BEGIN STORED DATA

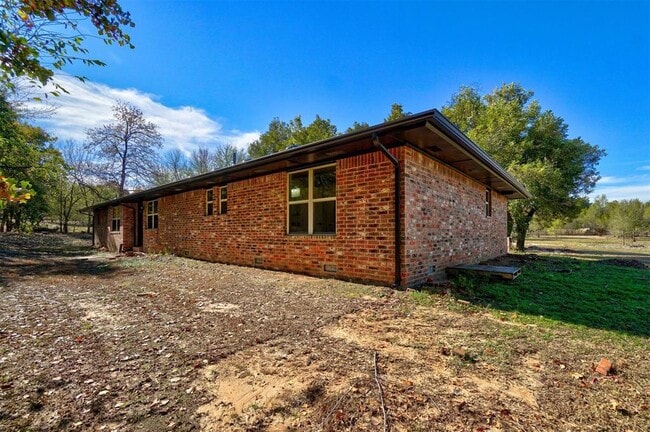 Building Photo - 6500 N Luther Rd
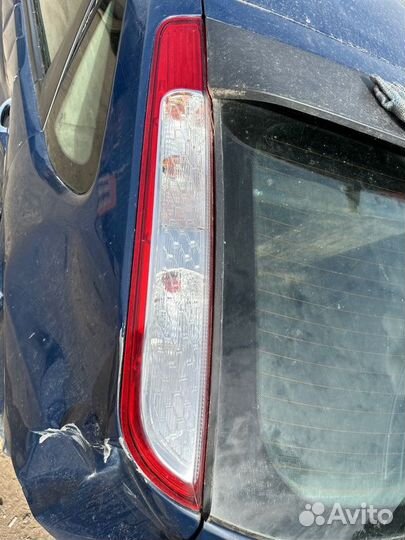 Фонарь задний левый Ford Focus 2 хетчбек 1.6 shdb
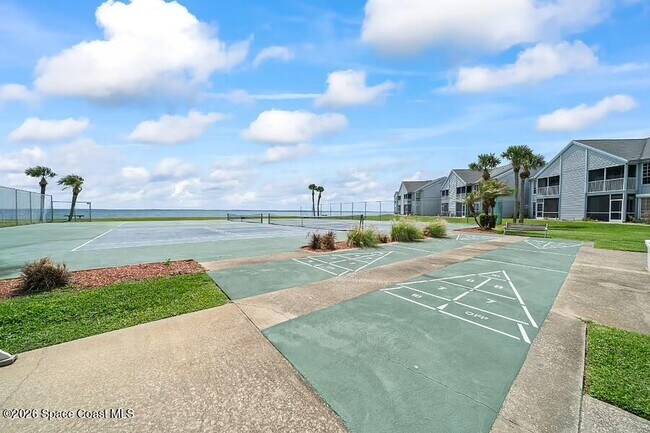Building Photo - 7060 US-1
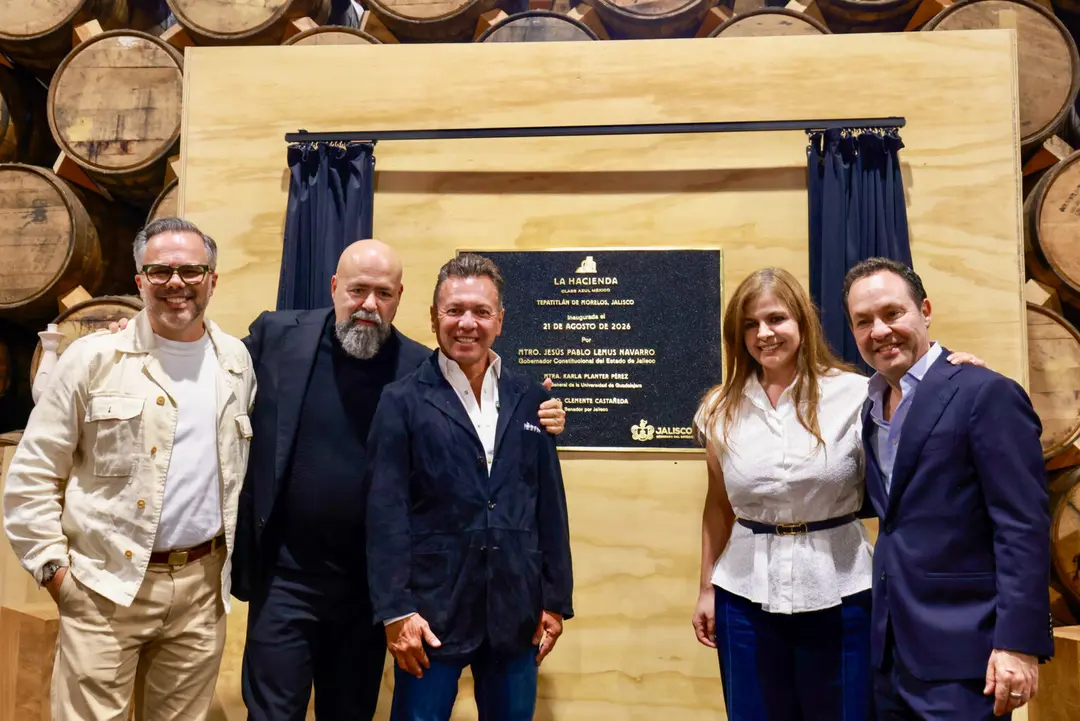 Lemus reconoce a Clase Azul como referente internacional del Tequila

END STORED DATA

None of the pictures should be kept; reproduce all the remaining material exactly.

 Building Photo - 6500 N Luther Rd
 Фонарь задний левый Ford Focus 2 хетчбек 1.6 shdb
Building Photo - 7060 US-1
 Lemus reconoce a Clase Azul como referente internacional del Tequila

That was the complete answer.